In the last chapter of the book, titled ‘come to the table’, she gives the reader a bit of a challenge:

 

I want you to stop running from thing to thing to thing, and to sit down at the table, to offer the people you love something humble and nourishing, like soup and bread, like a story, like a hand holding another hand while you pray.  We live in a world that values us for how fast we go, for how much we accomplish, for how much life we can pack into one day.  But I’m coming to believe it’s in the in-between spaces that our lives change, and that the real beauty lies there.

 

 

My husband Niall is a very friendly person, usually the last one chatting at any event or hanging around after church while I’m at the car strapping the kids in their seats, being all grumpy and dramatic and wishing he’d hurry up.  Last week, he told me he invited a couple and their two boys over for brunch on Saturday and that they’d accepted.  Oh, and that the wife and one of their boys were both gluten and dairy free.  UGH (that was my first thought).  Seriously?  How am supposed to cook a yummy brunch with that high maintenance request?!?  Not to mention, I selfishly wanted to do our usual Saturday donut & coffee shop routine with just us.  I know I know, I’m terrible.

 

I quickly got over myself and got to thinking how I was going to make this happen.  It sounds cheesy, but because I was in the middle of reading bread & wine, being hospitable and opening my home was fresh on my mind which helped change my attitude.  My sister had bought me a beautiful cookbook while here visiting and I found a recipe for granola and an egg frittata that both looked delicious.

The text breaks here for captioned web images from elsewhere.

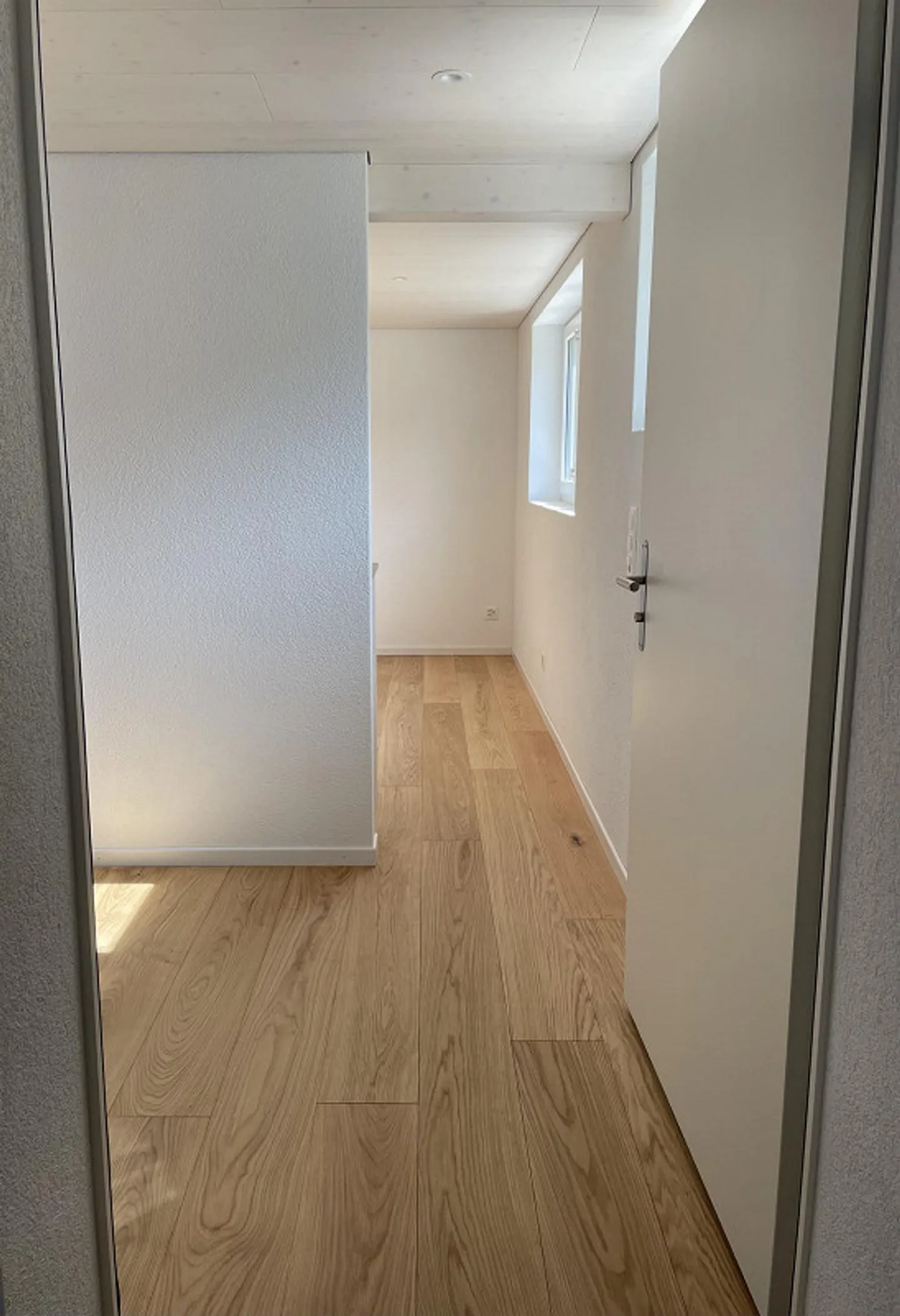 Cozy 1-room studio in the center of Rotkreuz - small but fine - Photo 1 of 4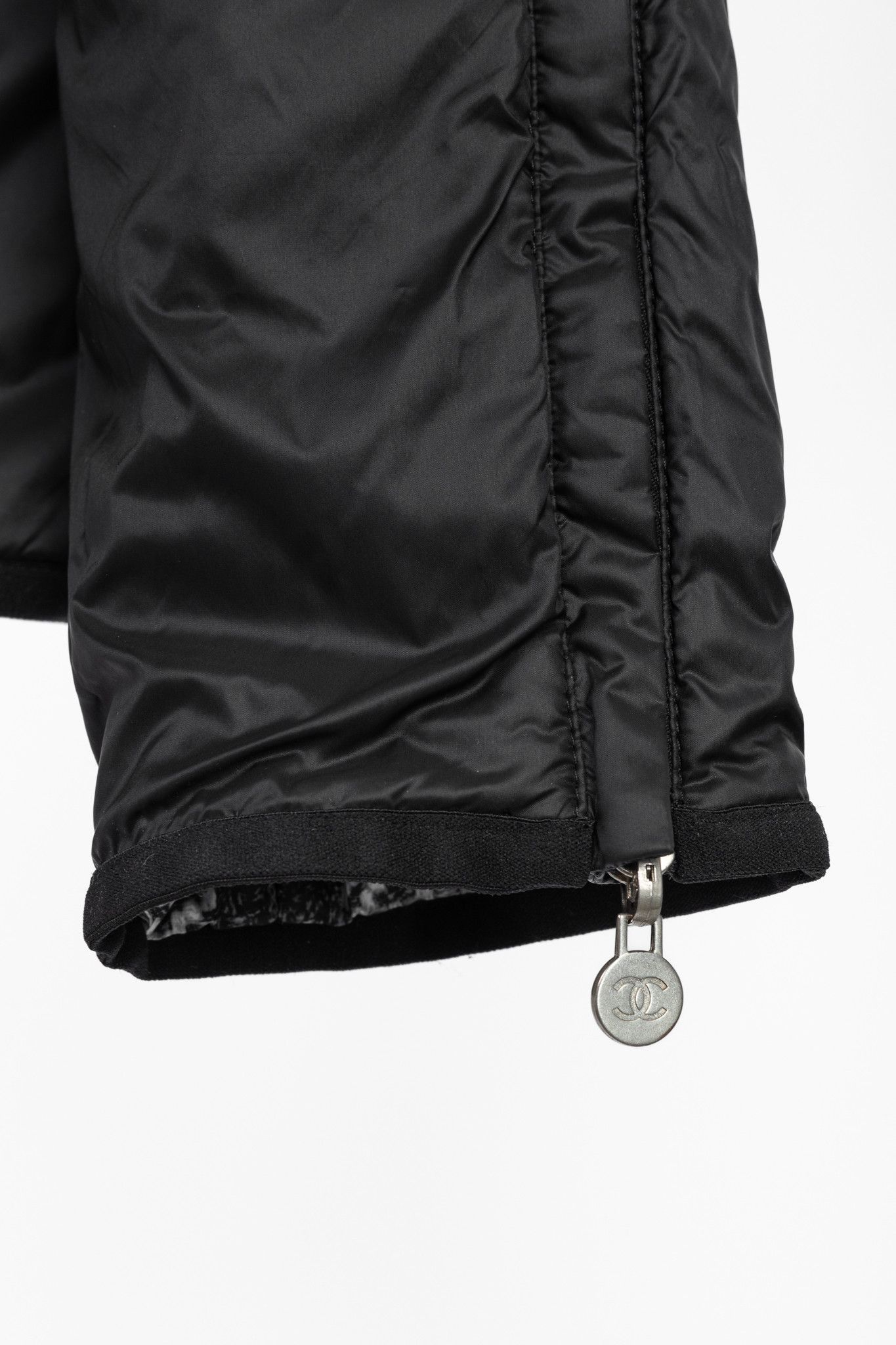 Chanel Chanel Reversible Grey Tweed-Printed & Black Nylon Jacket Size L / US 10 / IT 46 - 12 Thumbnail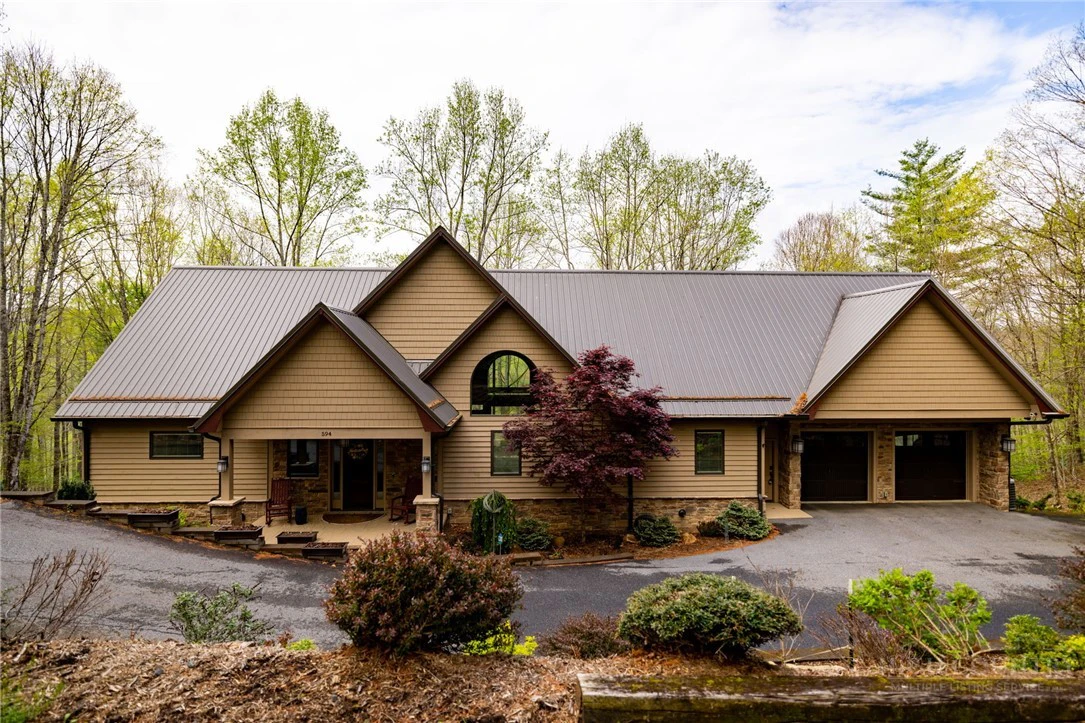 Image number 1 for the current listing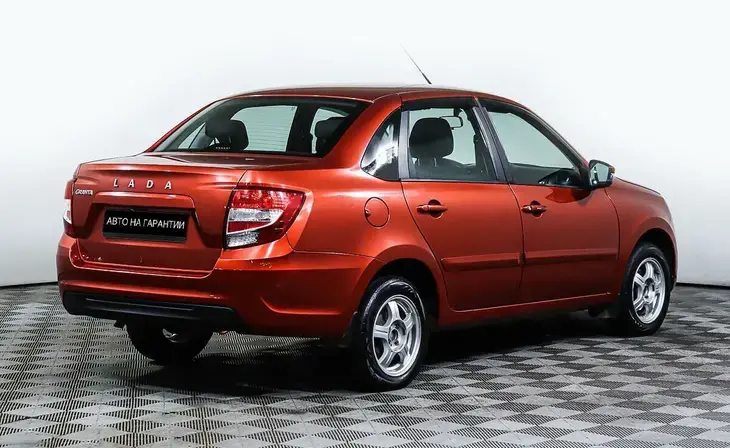Lada Granta - Фото 4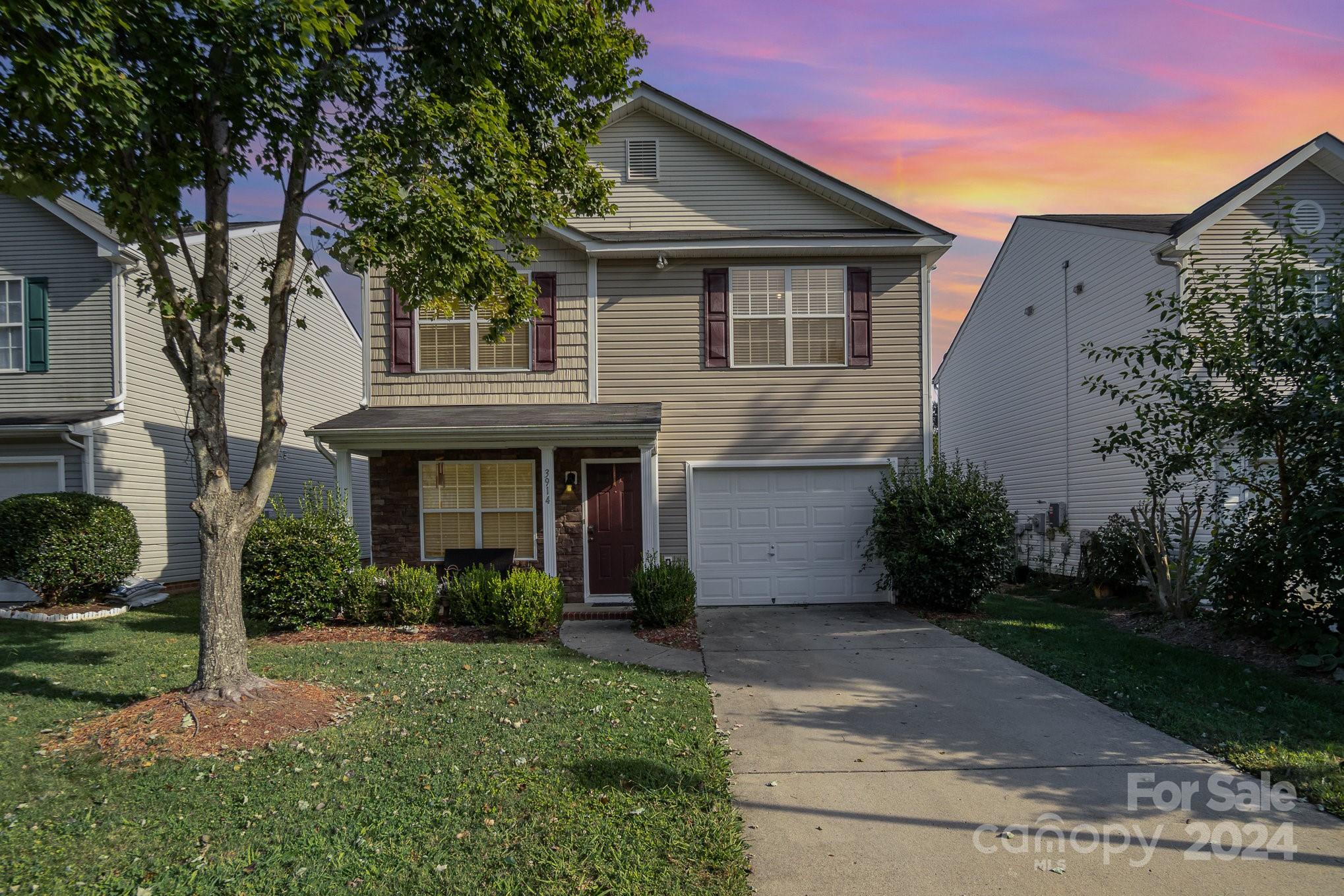 Damask Dr, Charlotte, NC 28206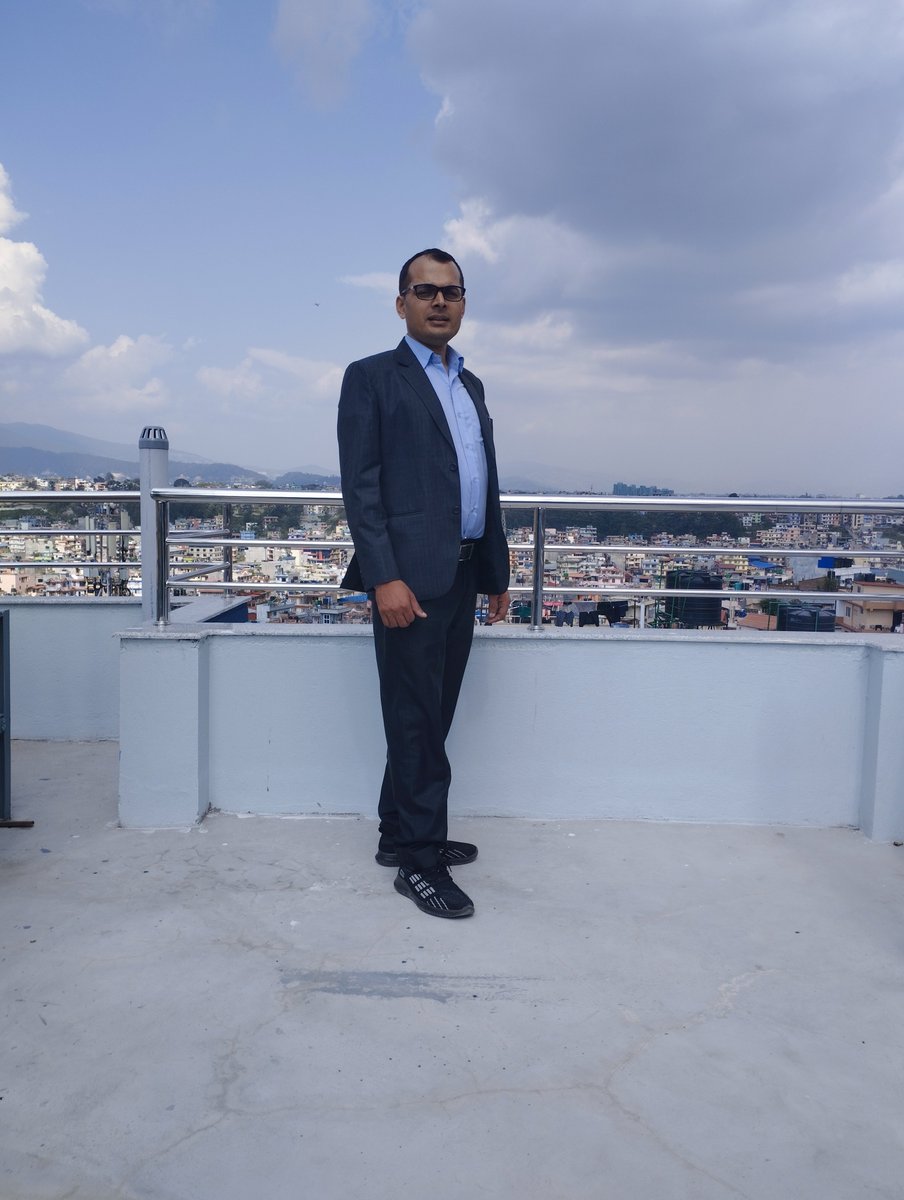कोहि भन्छ राजा आउ, कोहि भन्छ राजा जाउ । हामी भन्छौ देशलाई संम्बृद्दिले सजाउ । पन्ध्रौं गणतन्त्र दिवसको सबैलाई शुभकामना 🌹💐🥀🌺🙏🙏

I bought gluten free oats and made sure I used olive oil and loads of veggies in the frittata instead of butter and cheese.  I got some fancy almond milk yogurt and actually found myself enjoying the process of wanting to make this brunch special in a way that everyone could enjoy the food and feel loved.

 

We ended up having a great time — the dairy and gluten were not missed — but more importantly, my husband had taken a little risk by inviting people we didn’t know too well into our home, our sacred place… and through his gesture we were able to get to know this family better and make them feel at home.  Sometimes as a stay at home mom it’s easy to feel like making a difference in someone’s life is kind of impossible.  Yea, maybe in ten years when I’m not too busy wiping butts and cleaning up messes.  Maybe just inviting someone over is a good place to start.  I’ve been on the receiving end too — we moved here last September and had ZERO plans for Thanksgiving.  Like, I was seriously considering just ordering pizza because cooking a whole turkey for just us kind of depressed me.  But then… an invite.  To someone’s house.  With her extended family.    I didn’t know this girl too well and almost didn’t accept because I didn’t want to ‘impose’.  She convinced us we were welcome and I couldn’t deny her genuine friendliness.  So, we said yes; and on that special day it meant the world to my little family to have people to be with, turkey to eat, pumpkin pie to cap off the evening…  all because of a simple invitation.

 

Anyway… on to the recipe I wanted to share!  I am still sneaking little handfuls of this granola in throughout the day — hmmm, I probably shouldn’t keep the jar right in the middle of my workspace countertop.  It’s almost gone but you better believe I’ll be making another batch of it, it was too good; crunchy and sweet with all the wholesome ingredients you just don’t get when you buy it in a box.  I actually sent a jar of it home with our guests because they loved it too!  I should say I have a really, really hard time following any recipe just the way it is — I usually add a couple of things or take something away.  With this granola, I didn’t have the shredded coconut on hand so I just left it out; I also decided last minute to sprinkle some cinnamon on top before throwing it in the oven and I was glad I did.  : )

 

 

MAPLE GRANOLA

*makes about 5 cups

3 cups old-fashioned rolled oats

1 1/2 cups unsweetened shredded coconut

1 1/4 cups chopped pecans

1/2 cup raw pumpkin seeds

1/2 cup raw sunflower seeds

1/4 cup ground flaxseeds

1/2 cup pure maple syrup

2 tablespoons coconut oil, melted

1/4 teaspoon kosher salt

2 large egg whites (or 1 if you prefer a flakier texture and less clusters which is what I did!)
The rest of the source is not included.